The method of the present invention utilizes a means for detecting vibration (e.g., an accelerometer) of sufficient sensitivity to detect movement of an externally-located piece of the cell system.
The method of the present invention is a method of detecting a short incident in an electrochemical cell comprising the steps of:
(a) providing an electrochemical cell system having a cell pack and a coupling device, said coupling device being in connection with said cell pack, wherein during electrochemical cell system operation, said coupling device vibrates;
(b) providing a means for detecting vibration of said coupling device, said means for detecting vibration being rigidly affixed to said coupling device;
(c) providing a means for analyzing and monitoring vibration of said coupling device, said means for analyzing and monitoring being connected to said means for detecting vibration;
(d) operating said electrochemical cell system causing said coupling device to vibrate;
(e) detecting said vibration using said means for detecting vibration;
(f) allowing said means for detecting vibration to send a signal to said means for analyzing and monitoring vibration;
(g) continuously measuring, analyzing, and monitoring said vibration to establish a normal baseline amplitude envelope;
(h) operating said electrochemical cell system until said means for analyzing and monitoring vibration measures an amplitude excursion outside of said normal baseline amplitude envelope;
(i) sending a signal to an indicator; and
(j) discontinuing operation of said electrochemical cell.
In one aspect of the present invention the coupling device is a bus bar, the means for detecting vibration is an accelerometer, and the means for analyzing and monitoring vibration is an analog-to-digital converter to a computer.

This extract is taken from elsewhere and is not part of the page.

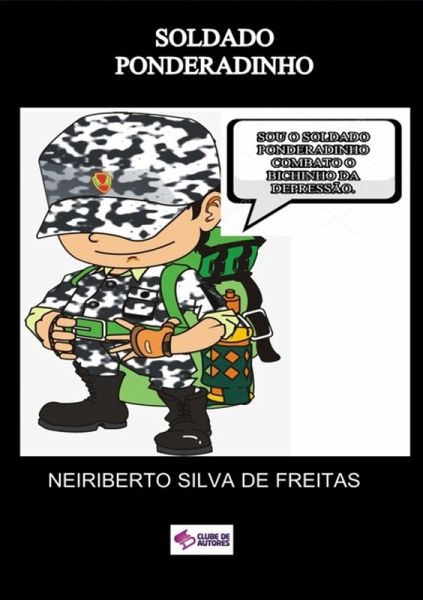 Soldado Ponderadinho (eBook, ePUB) Soldado Ponderadinho (eBook, ePUB)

Another aspect of the present invention is a system for detecting a short incident in an electrochemical cell where the system comprises:
(a) an electrochemical cell system comprising an electrochemical cell pack;
(b) a coupling device being in connection with the cell pack;
(c) a means for detecting vibration rigidly affixed to said coupling device;
(d) a means for analyzing and monitoring vibration of said coupling device connected to said means for detecting vibration; and
(e) an indicator;
wherein said coupling device vibrates during electrochemical cell system operation, said means for detecting vibration detects said vibration and transmits a signal to said means for analyzing and monitoring vibration to establish a normal baseline amplitude envelope, and wherein when a short incident occurs the signal amplitude exceeds the normal baseline amplitude envelope which triggers said indicator and said electrochemical cell operation is discontinued.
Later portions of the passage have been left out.